VNC goes a step farther than Samba. Under VNC you can actually see your PC's desktop on your Linux monitor and manipulate it from there, but we will save that story for another day.
To get off to a good start, go to the Samba web pages for the official word on how to install Samba, as well as a great deal of Samba documentation including an online version of the O'Reilly Samba book (with an impressive African ground hornbill on the cover). The notes on the present page offer something of a Fast Track version of the official instructions.
First, modify /etc/samba/smb.conf as follows:
Add under the heading [global] workgroup = Linuxlab Add under the heading [homes] path = /home/%U
Now run testparms to check your config file.
[root@pluto samba]# testparm /etc/samba/smb.conf Load smb config files from /etc/samba/smb.conf Processing section "[homes]" Processing section "[printers]" Loaded services file OK. Press enter to see a dump of your service definitions
Start the samba daemons
Start the samba daemons from the command line.
[root@pluto init.d]# /etc/rc.d/init.d/smb start Starting SMB services: [ OK ] Starting NMB services: [ OK ]
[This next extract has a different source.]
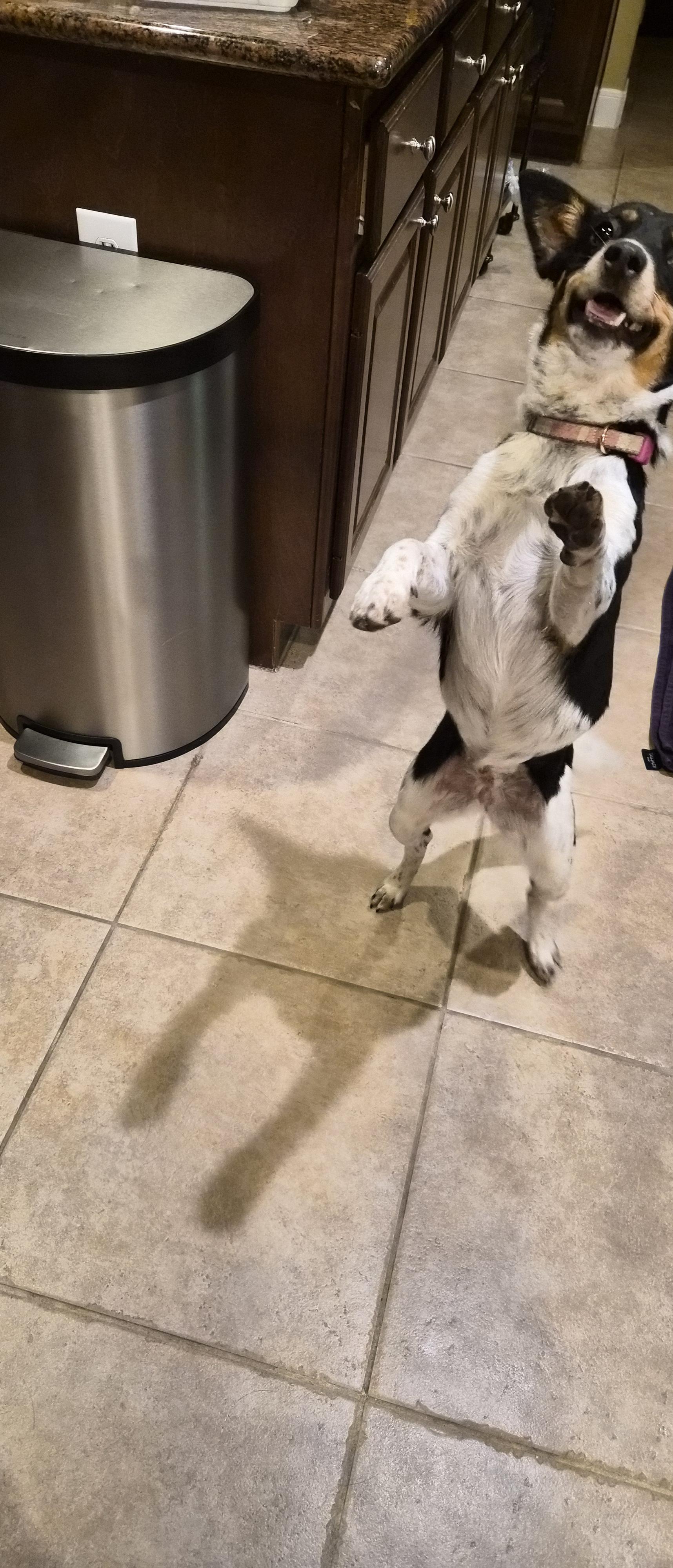 Enlarge Jayani MV14128-T  , a Adoptable mixed breed in Marysville, WA image 5/6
To arrange for Samba to start automatically on rebooting, launch ksysv, locate the smb icon in the righthand column under the name Available Services, and drag it VERY CAREFULLY into the Runlevel5 Start column and slot it in just under the entry for 15 nfs. You should see a new blue entry 16 smb. Similarly, drag the smb icon from the Available Services column into the Runlevel 3 Start column and slot it in just under 15 nfs. You should see a new blue entry for 16 smb. VERY CAREFULLY, select File:Save Configuration, and exit from ksysv. If your karma is 100% up to snuff, the smbd and nmbd daemons will start up automatically after each machine reboot.
Testing the installation
Try listing the shares (= shared resources in Samba-speak) available on your host by issuing the command smbclient -L
[root@pluto notes]# smbclient -L pluto added interface ip=188.8.131.52 bcast=184.108.40.206 nmask=255.255.0.0 Password: Anonymous login successful Domain=[LINUXLAB] OS=[Unix] Server=[Samba 2.2.1a] Sharename Type Comment --------- ---- ------- IPC$ IPC IPC Service (Samba Server) ADMIN$ Disk IPC Service (Samba Server) lpcs3 Printer WL131_LaserJet_2100 lpcs1 Printer WL136_LaserJet_2100 lpcs2 Printer WL133_LaserJet_4000N Server Comment --------- ------- CRESSIDA cressida server (Samba 2.0.10) PLUTO Samba Server Workgroup Master --------- ------- LINUXLAB CRESSIDA
Add yourself as a Samba user by typing smbpasswd -a <login> <password> where (you guessed it) <login> is your login on the linux machine and <password> is your Samba password. Thus,
smbpasswd -a parrish snagglegrumph
adds user parrish to the smbpasswd file and sets the password for parrish. You can change your Samba password with the command
And now for the biggest test of all. Go find a PC, click on Network Neighborhood, and keep clicking until you get down to the Linuxlab collection of "shares" (shared computers). You should see an icon there for your new Samba-ready computer. Click on it to display a login screen. Enter your login and Samba password, and -- Bingo! You should be looking at the contents of your home directory on your linux computer. Try sending a few files back and forth between the PC and the Linux box. Congratulations! This functionality provides a very smooth connection between our local linux and PC networks.